**Task details**:
Please transcribe the data below exactly. Leave the pictures out.

**Data below**:

=-=-=

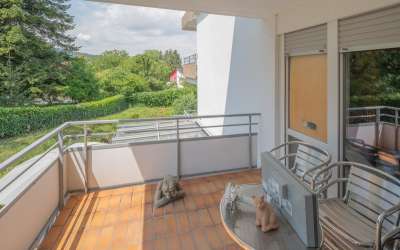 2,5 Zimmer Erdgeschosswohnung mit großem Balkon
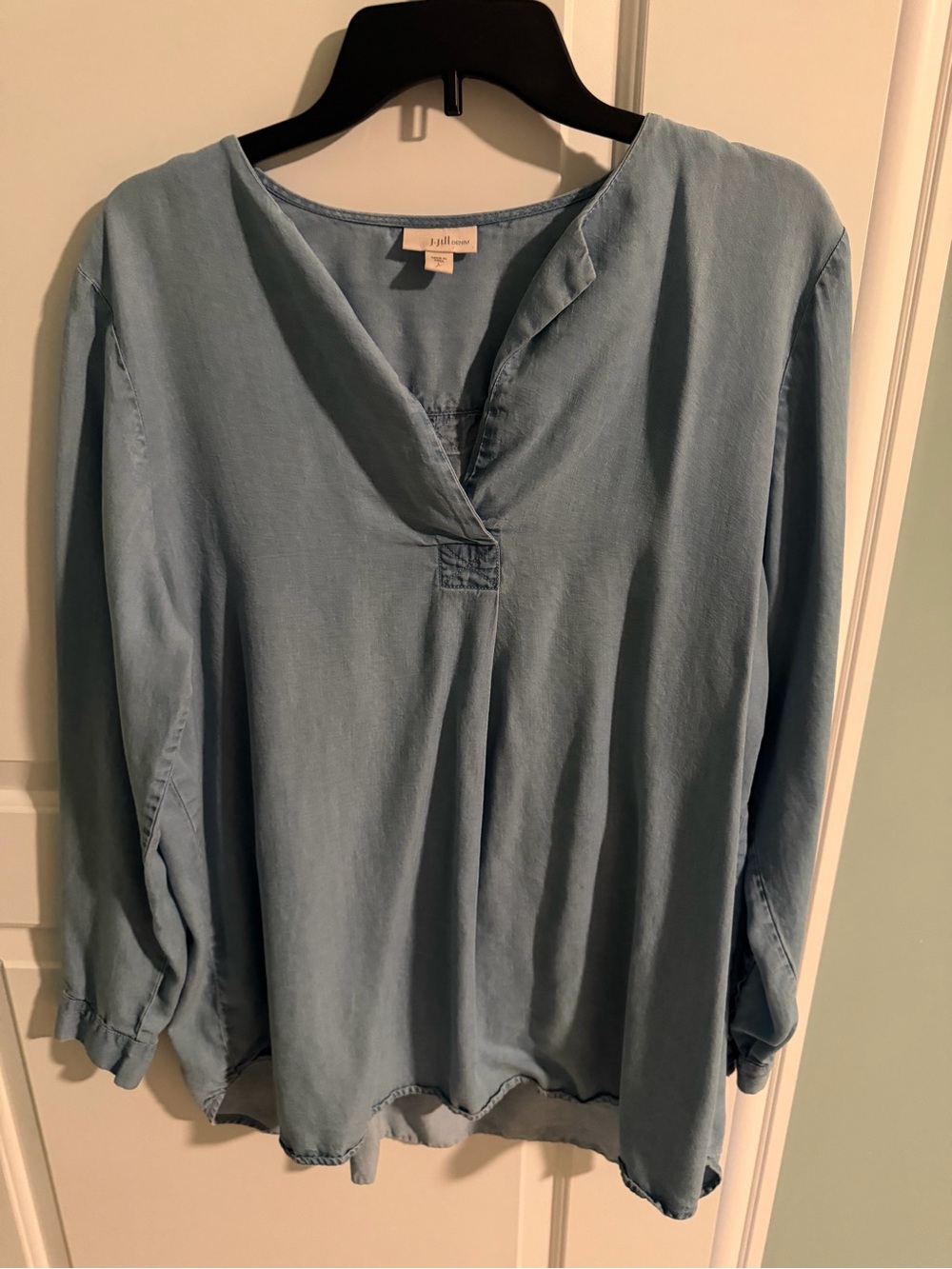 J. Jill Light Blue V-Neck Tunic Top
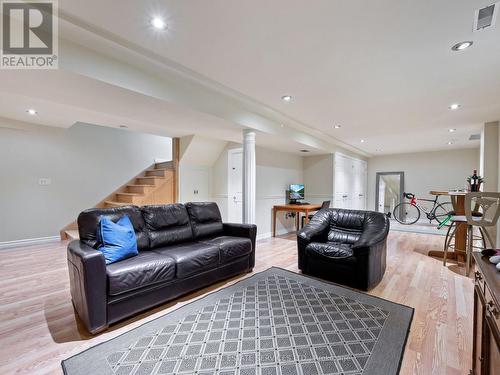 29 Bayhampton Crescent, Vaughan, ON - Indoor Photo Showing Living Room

=-=-=

**Result of this task**:
 2,5 Zimmer Erdgeschosswohnung mit großem Balkon
 J. Jill Light Blue V-Neck Tunic Top
 29 Bayhampton Crescent, Vaughan, ON - Indoor Photo Showing Living Room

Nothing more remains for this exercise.